## [What you have to do]
Your copy of the lines below must match them exactly and contain no images.

## [Data for processing]
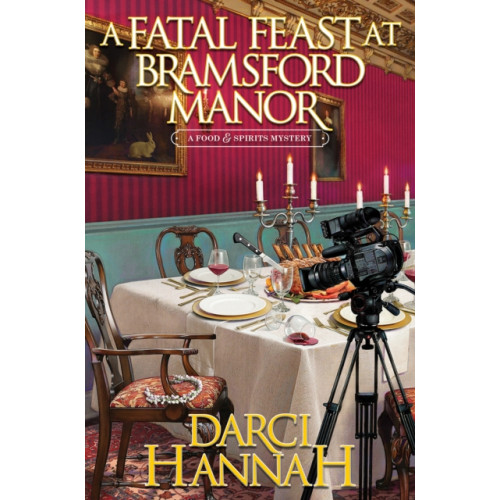 Kensington Publishing A Fatal Feast at Bramsford Manor (inbunden, eng)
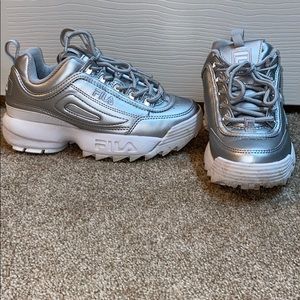 Silver filas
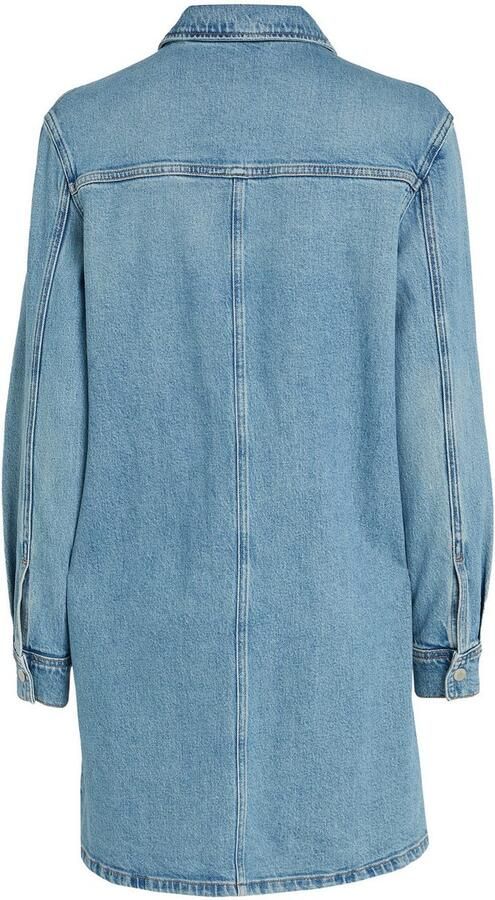 TOMMY JEANS Blousejurk ALINE LS DRESS CH6119 EXT - Foto 6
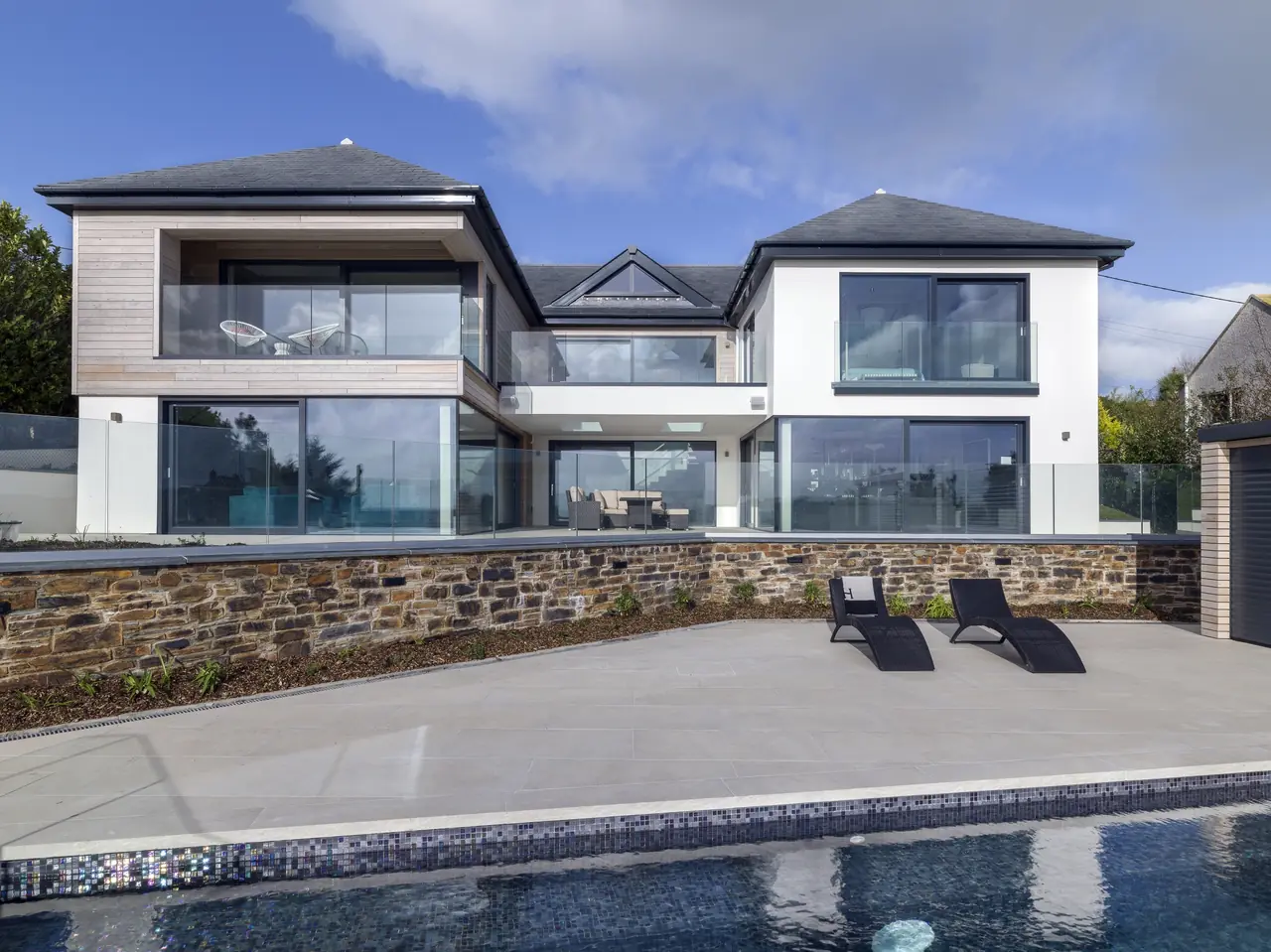 Sea Glass House, St Mawes, Cornwall — view 6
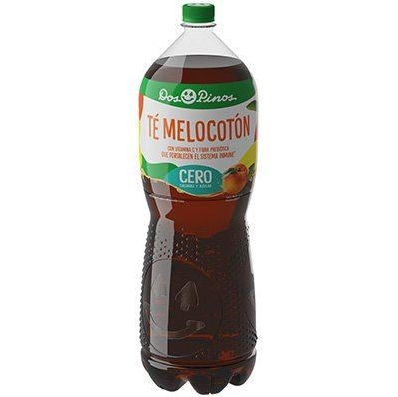 TÉ FRÍO MELOCOTÓN MARCA DOS PINOS Cero 2.5 L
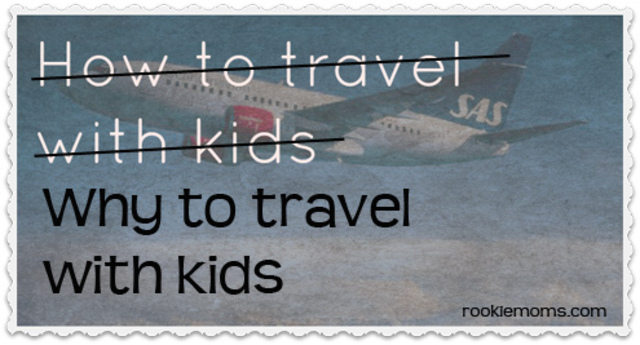 I wanna have a world tour. Moral Development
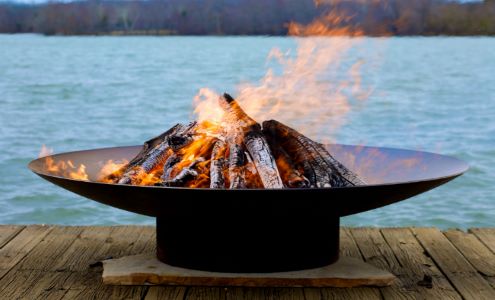 Wood fired Firepit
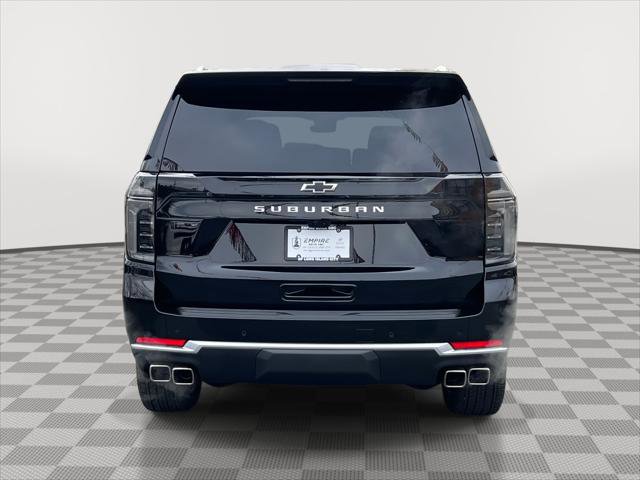 Used 2025 Chevrolet Suburban High Country w/ Sun And Tow Package image 6
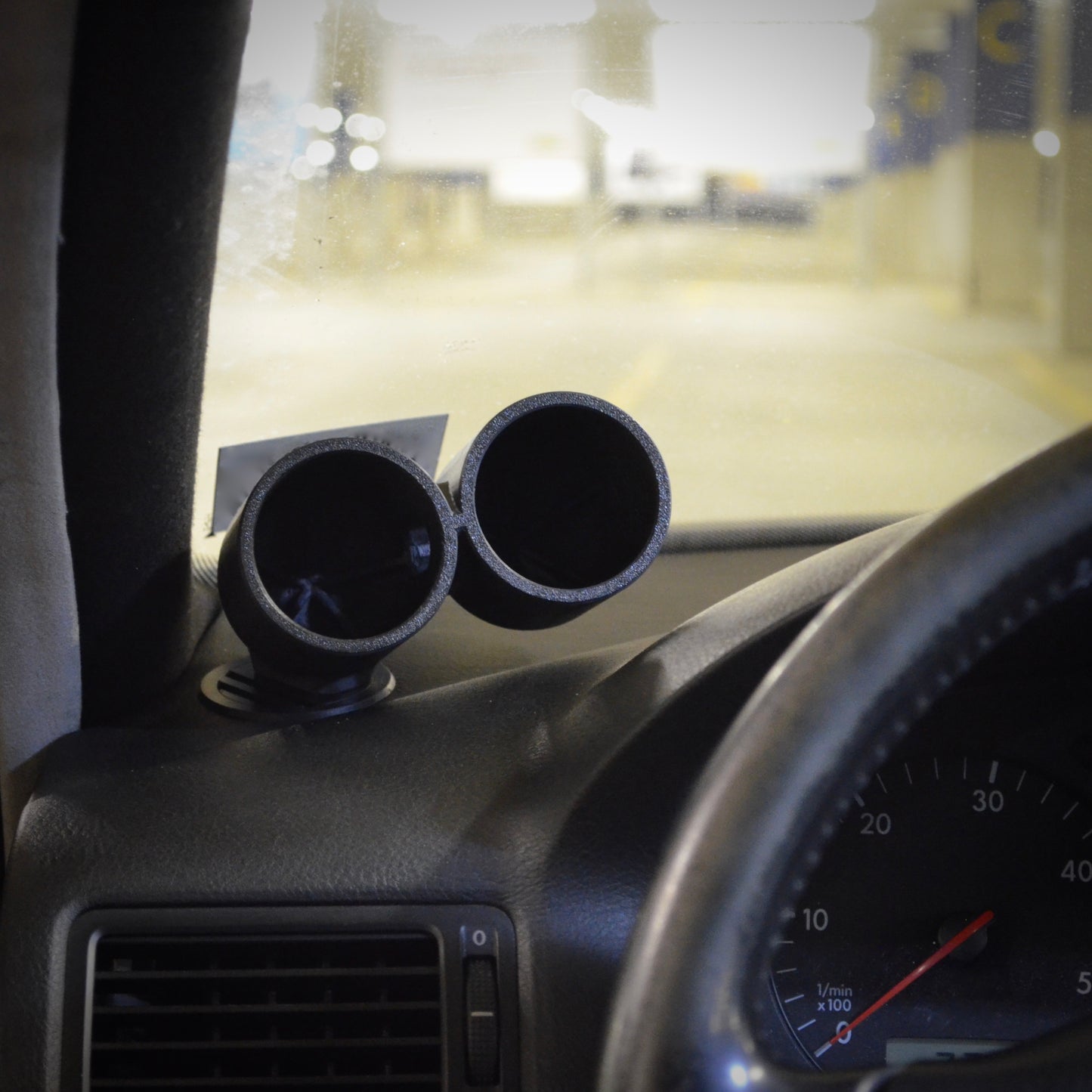 mk4 gti Jetta gli r32 dual gauge pod 52mm boost air fuel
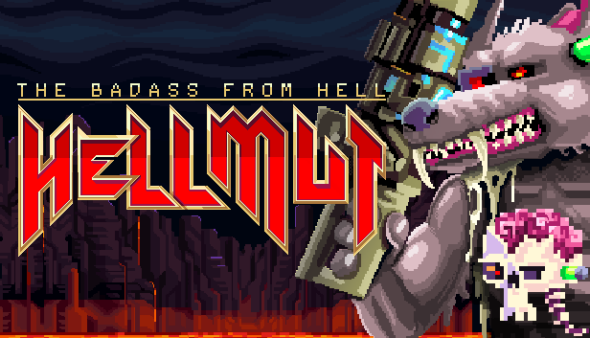 Hellmut: The Badass from Hell, kicking demon ass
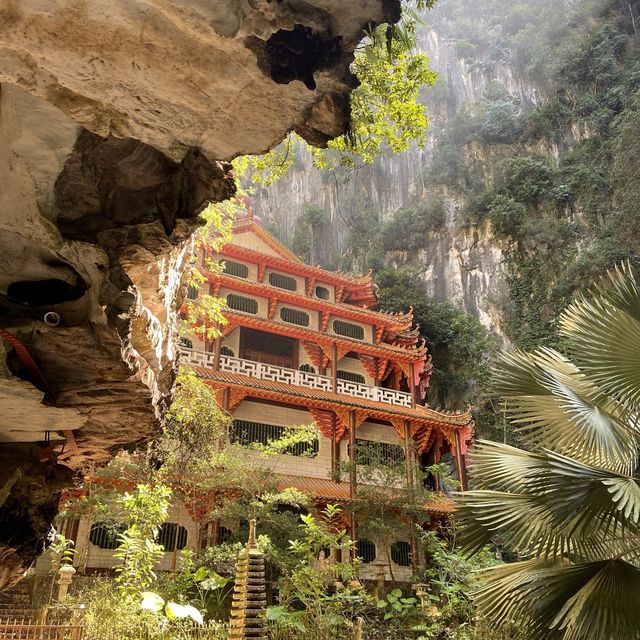 Hidden temple in Ipoh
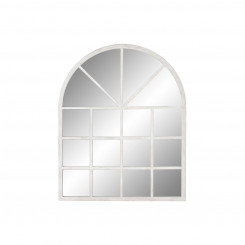 Seinapeegel Home ESPRIT Valge Kuusk Peegel Neoklassikaline Aken 150 x 3,5 x 186 cm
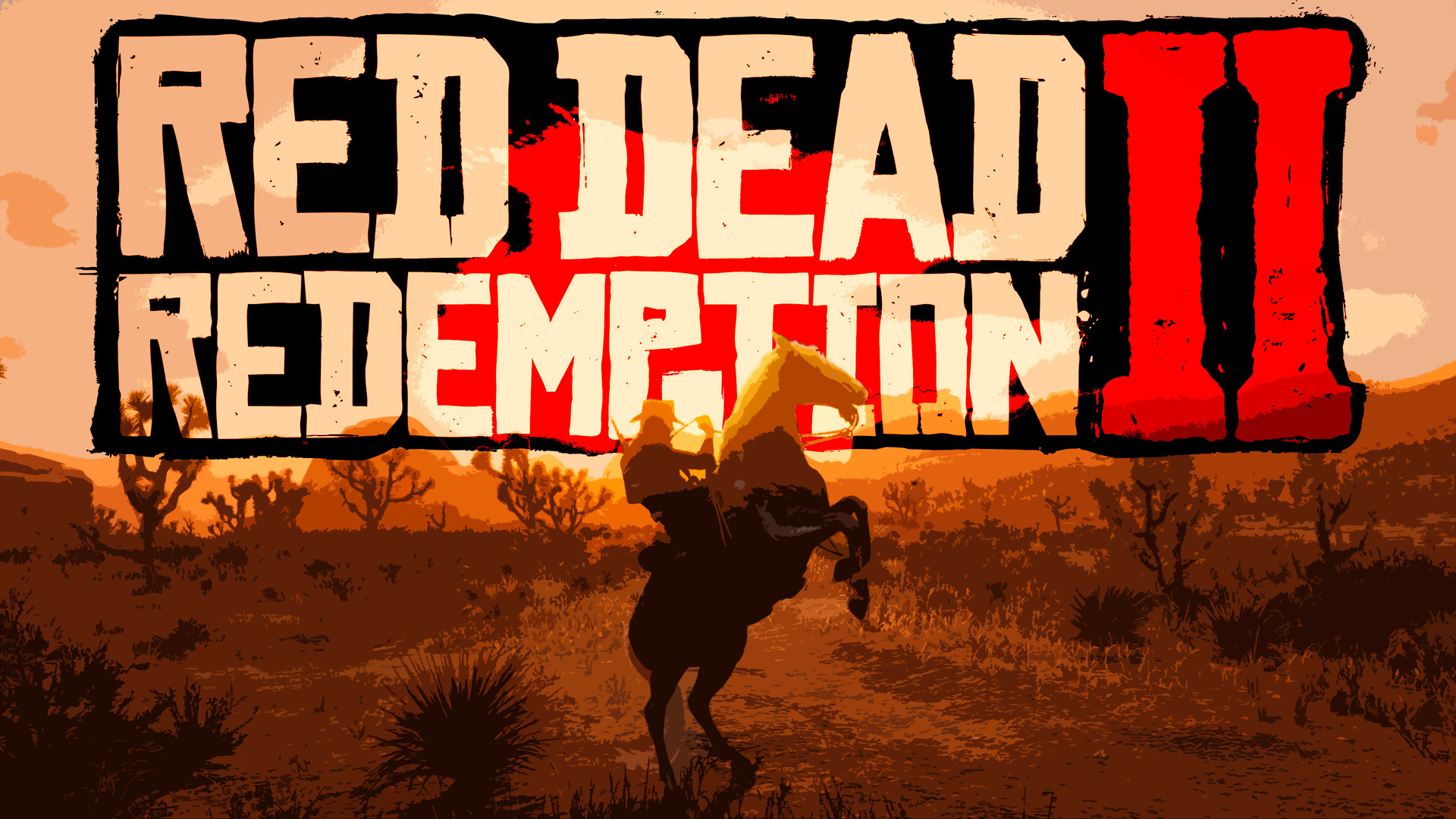 Red Dead Redemption 4k Game Laptop Full HD 1080p Wallpaper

## [Solved problem]
 Kensington Publishing A Fatal Feast at Bramsford Manor (inbunden, eng)
 Silver filas
 TOMMY JEANS Blousejurk ALINE LS DRESS CH6119 EXT - Foto 6
 Sea Glass House, St Mawes, Cornwall — view 6
 TÉ FRÍO MELOCOTÓN MARCA DOS PINOS Cero 2.5 L
 I wanna have a world tour. Moral Development
 Wood fired Firepit
 Used 2025 Chevrolet Suburban High Country w/ Sun And Tow Package image 6
 mk4 gti Jetta gli r32 dual gauge pod 52mm boost air fuel
 Hellmut: The Badass from Hell, kicking demon ass
 Hidden temple in Ipoh
 Seinapeegel Home ESPRIT Valge Kuusk Peegel Neoklassikaline Aken 150 x 3,5 x 186 cm
 Red Dead Redemption 4k Game Laptop Full HD 1080p Wallpaper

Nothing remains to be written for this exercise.